Task requirements: Leaving out every picture, copy the lines of the material below exactly, from the line containing "1GNSCJE05ER117663 Chevrolet Suburban 1500 Lt" through the line containing "Vând pat single".

Entries provided:
● ● ● ● ● ● ●

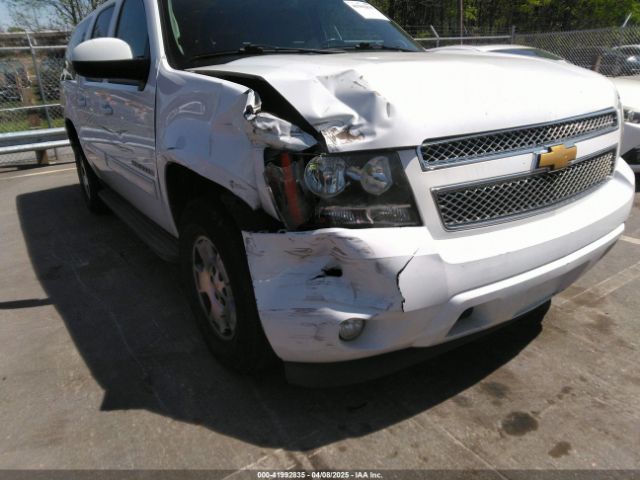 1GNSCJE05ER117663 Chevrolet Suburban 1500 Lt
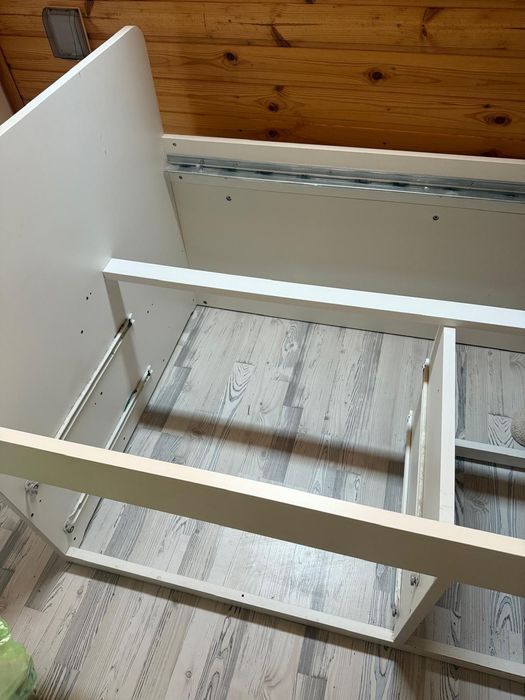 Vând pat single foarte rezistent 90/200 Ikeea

● ● ● ● ● ● ●

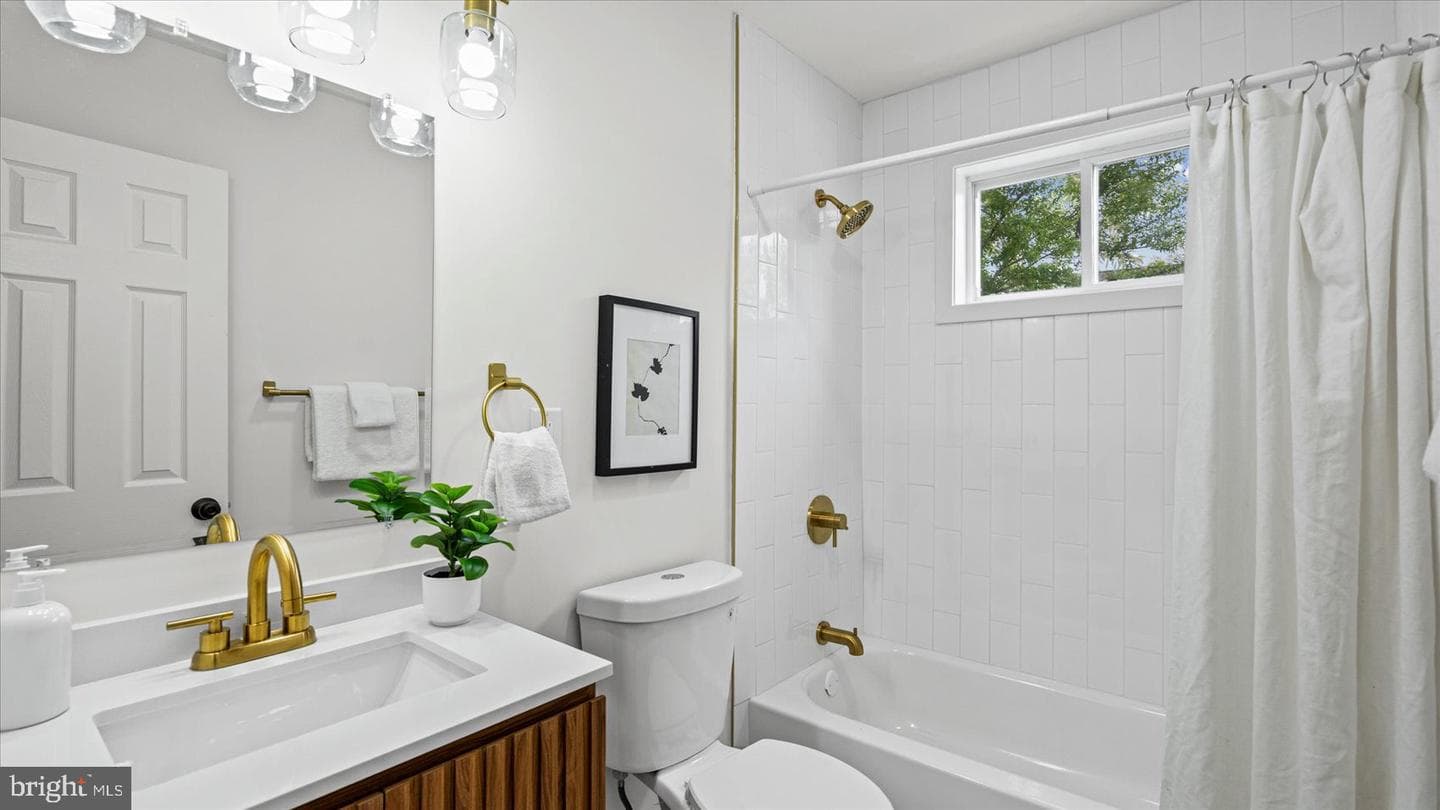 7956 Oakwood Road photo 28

● ● ● ● ● ● ●

Your solution:
 1GNSCJE05ER117663 Chevrolet Suburban 1500 Lt
 Vând pat single foarte rezistent 90/200 Ikeea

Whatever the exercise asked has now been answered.